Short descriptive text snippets

-=-=-=-=-

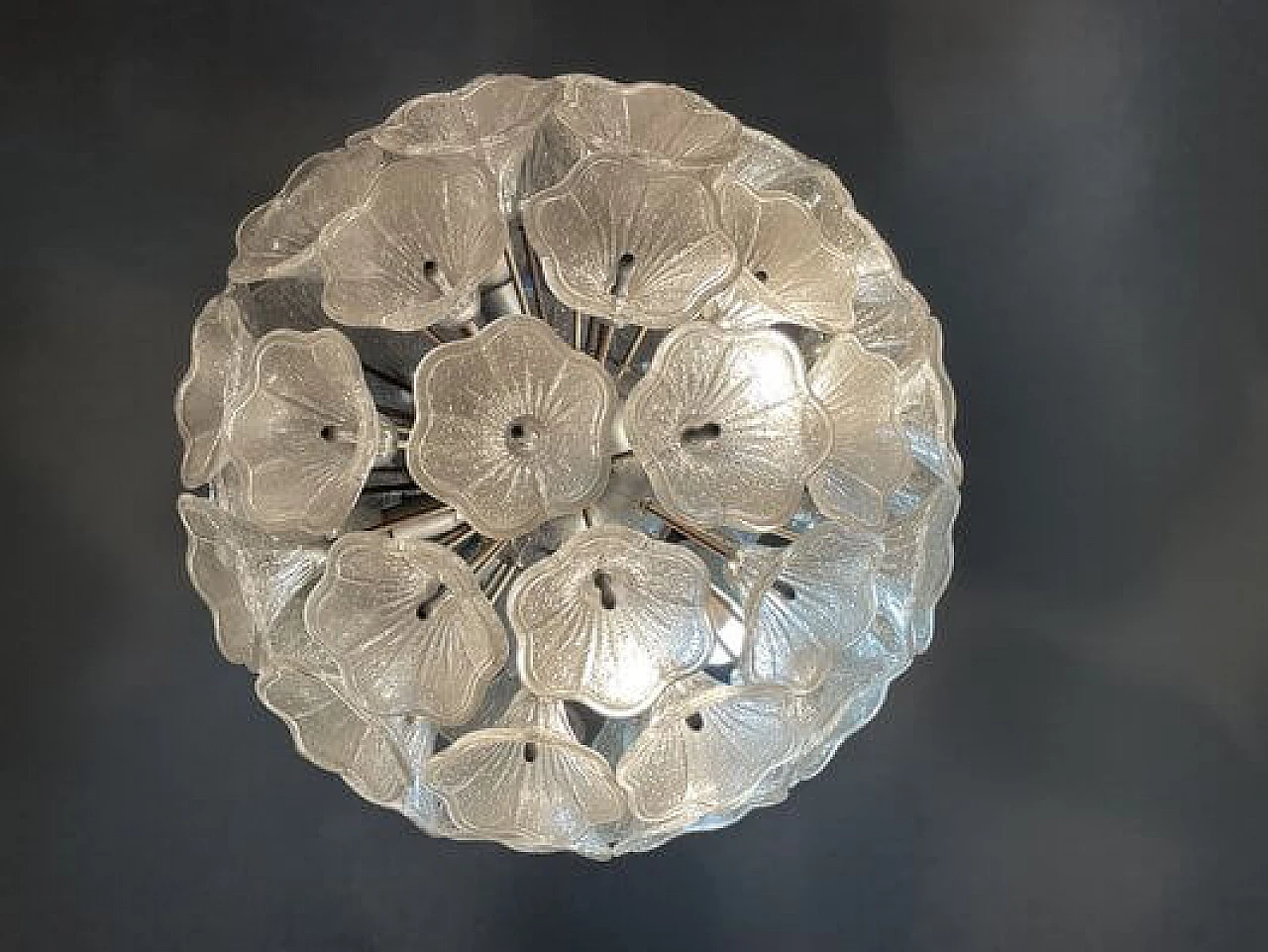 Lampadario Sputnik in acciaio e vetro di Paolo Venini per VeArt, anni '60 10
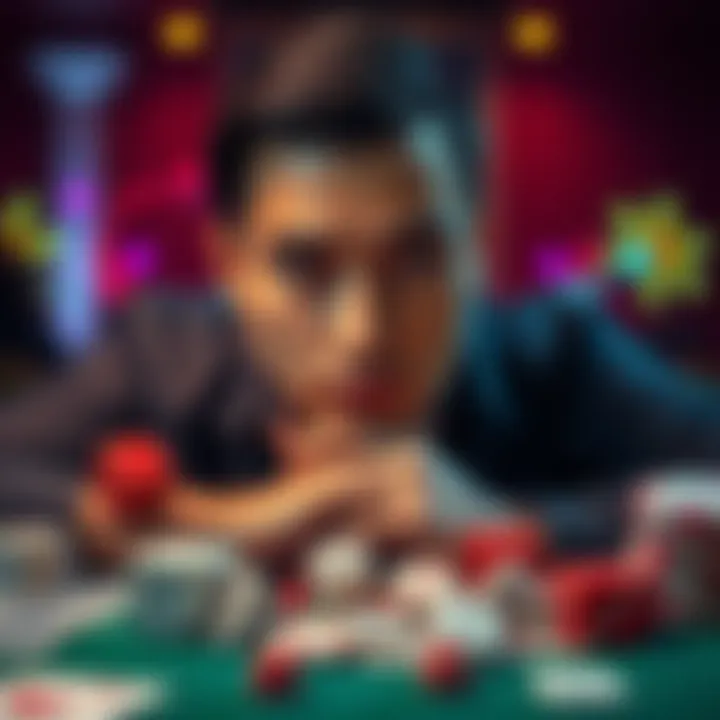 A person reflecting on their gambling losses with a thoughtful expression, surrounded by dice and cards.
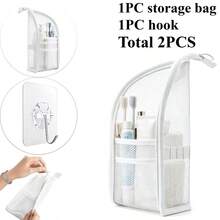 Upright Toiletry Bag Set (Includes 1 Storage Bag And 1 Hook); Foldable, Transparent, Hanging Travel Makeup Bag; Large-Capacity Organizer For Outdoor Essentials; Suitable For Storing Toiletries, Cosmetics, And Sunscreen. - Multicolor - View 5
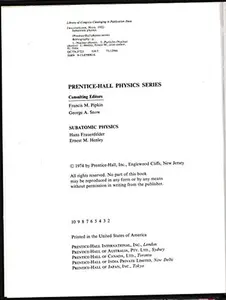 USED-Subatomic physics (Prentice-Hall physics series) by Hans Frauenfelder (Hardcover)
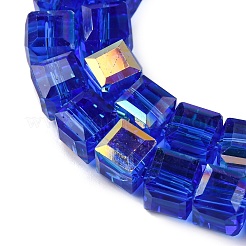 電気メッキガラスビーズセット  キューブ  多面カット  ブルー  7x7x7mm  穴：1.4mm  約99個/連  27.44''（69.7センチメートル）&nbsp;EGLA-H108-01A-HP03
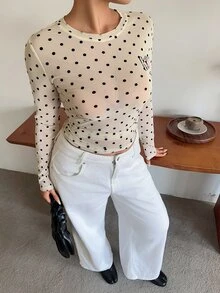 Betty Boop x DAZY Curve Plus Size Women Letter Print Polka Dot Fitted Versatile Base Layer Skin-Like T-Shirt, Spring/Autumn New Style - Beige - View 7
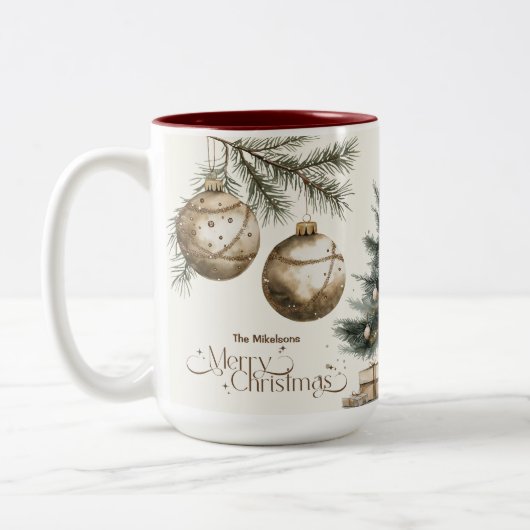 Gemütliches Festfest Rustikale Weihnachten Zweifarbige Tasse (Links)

-=-=-=-=-

_Required work_:
Leaving out the pictures, output each line above exactly as it is.

_Answer box_:
 Lampadario Sputnik in acciaio e vetro di Paolo Venini per VeArt, anni '60 10
 A person reflecting on their gambling losses with a thoughtful expression, surrounded by dice and cards.
 Upright Toiletry Bag Set (Includes 1 Storage Bag And 1 Hook); Foldable, Transparent, Hanging Travel Makeup Bag; Large-Capacity Organizer For Outdoor Essentials; Suitable For Storing Toiletries, Cosmetics, And Sunscreen. - Multicolor - View 5
 USED-Subatomic physics (Prentice-Hall physics series) by Hans Frauenfelder (Hardcover)
 電気メッキガラスビーズセット  キューブ  多面カット  ブルー  7x7x7mm  穴：1.4mm  約99個/連  27.44''（69.7センチメートル）&nbsp;EGLA-H108-01A-HP03
 Betty Boop x DAZY Curve Plus Size Women Letter Print Polka Dot Fitted Versatile Base Layer Skin-Like T-Shirt, Spring/Autumn New Style - Beige - View 7
 Gemütliches Festfest Rustikale Weihnachten Zweifarbige Tasse (Links)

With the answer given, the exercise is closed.